I. THE HOLINESS OF GOD. It affirms that in God all good is present and all evil absent. He calls His saints on earth holy, but they are so only by comparison with their fellow-men: and the holiness of the angels is not only limited, but, as all creature holiness, it is derived, it has its origin not in themselves, but in God. He alone is holy in Himself. And now consider —

II. THE EFFECT THIS WONDERFUL HOLINESS SHOULD HAVE UPON US. We are called upon "to sing unto the Lord and to give thanks." Now this implies —

1. A happy confidence in the Lord's mercy. For none can ever thank the Lord for His holiness till he is able to take a firm stand in His mercy. His holiness looked at alone is appalling to us. We can scarcely bear to hear of it. But when we are in Christ, resting on Him, then we can look calmly upon His holiness. Embraced in His mercy, the soul feels as Noah, shut in the ark — safe, though destruction be all around.

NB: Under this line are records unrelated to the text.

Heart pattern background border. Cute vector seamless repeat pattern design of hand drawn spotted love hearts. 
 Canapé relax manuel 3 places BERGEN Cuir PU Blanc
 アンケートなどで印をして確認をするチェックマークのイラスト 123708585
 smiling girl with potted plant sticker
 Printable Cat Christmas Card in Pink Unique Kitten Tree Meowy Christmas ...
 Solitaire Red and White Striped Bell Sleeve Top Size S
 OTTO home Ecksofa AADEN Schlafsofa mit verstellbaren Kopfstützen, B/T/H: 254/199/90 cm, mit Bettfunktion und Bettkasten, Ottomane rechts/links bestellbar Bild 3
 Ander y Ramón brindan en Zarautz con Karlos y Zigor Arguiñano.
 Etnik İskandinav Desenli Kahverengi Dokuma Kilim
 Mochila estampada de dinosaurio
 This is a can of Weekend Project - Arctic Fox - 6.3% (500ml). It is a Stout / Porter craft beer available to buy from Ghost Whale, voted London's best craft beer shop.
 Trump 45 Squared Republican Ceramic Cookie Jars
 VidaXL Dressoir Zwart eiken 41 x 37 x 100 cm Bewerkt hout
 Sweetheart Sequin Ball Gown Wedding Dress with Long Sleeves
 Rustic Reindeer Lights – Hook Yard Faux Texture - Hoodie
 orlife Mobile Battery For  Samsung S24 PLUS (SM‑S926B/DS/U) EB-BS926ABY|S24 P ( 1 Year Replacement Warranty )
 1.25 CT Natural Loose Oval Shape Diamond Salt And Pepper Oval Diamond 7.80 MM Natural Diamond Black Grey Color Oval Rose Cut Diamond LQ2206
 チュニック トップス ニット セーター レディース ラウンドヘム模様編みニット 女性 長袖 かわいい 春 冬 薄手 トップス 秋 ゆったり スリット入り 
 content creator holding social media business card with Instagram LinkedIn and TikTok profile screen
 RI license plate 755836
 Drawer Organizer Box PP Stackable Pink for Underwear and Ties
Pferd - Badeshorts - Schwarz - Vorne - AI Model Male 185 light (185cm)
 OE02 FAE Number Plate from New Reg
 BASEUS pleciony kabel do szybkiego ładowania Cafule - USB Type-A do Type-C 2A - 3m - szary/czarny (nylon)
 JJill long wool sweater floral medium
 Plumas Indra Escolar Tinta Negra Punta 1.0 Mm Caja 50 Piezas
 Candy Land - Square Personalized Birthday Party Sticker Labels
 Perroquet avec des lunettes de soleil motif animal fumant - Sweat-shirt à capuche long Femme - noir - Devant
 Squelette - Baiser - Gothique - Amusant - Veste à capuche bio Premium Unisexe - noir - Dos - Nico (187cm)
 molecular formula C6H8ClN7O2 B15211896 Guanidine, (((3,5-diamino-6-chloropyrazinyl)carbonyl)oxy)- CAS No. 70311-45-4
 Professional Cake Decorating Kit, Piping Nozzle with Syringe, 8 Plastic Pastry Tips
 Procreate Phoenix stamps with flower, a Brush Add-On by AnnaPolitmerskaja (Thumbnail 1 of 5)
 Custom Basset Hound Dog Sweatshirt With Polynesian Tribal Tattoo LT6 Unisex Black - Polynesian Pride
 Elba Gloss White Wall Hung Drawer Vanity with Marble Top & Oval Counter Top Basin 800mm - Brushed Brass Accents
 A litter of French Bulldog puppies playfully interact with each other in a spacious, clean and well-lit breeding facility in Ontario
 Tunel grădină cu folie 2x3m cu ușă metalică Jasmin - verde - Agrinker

2. A delightful admiration of God's holiness. God delights in it Himself. Nearly fifty times He calls Himself "the Holy One." And the angels and saints in heaven glory in it. See the trisagion, "Holy, holy, holy," etc. And we are called upon to share in this delight. The communion service bids us say, "Therefore with angels and archangels," etc. Happy are we if we can understand such language and really join in it.

3. A grateful sense of his obligations to the Divine holiness. What delight to turn from the dreary sinfulness of men, to the holiness of God. The thought of it is as an oasis in the wilderness. And it sheds a radiance on all His other attributes. What would any of them be apart from this? And what holiness we have is an emanation from His, and, because of His, will be perfected. Therefore let us live in remembrance of it.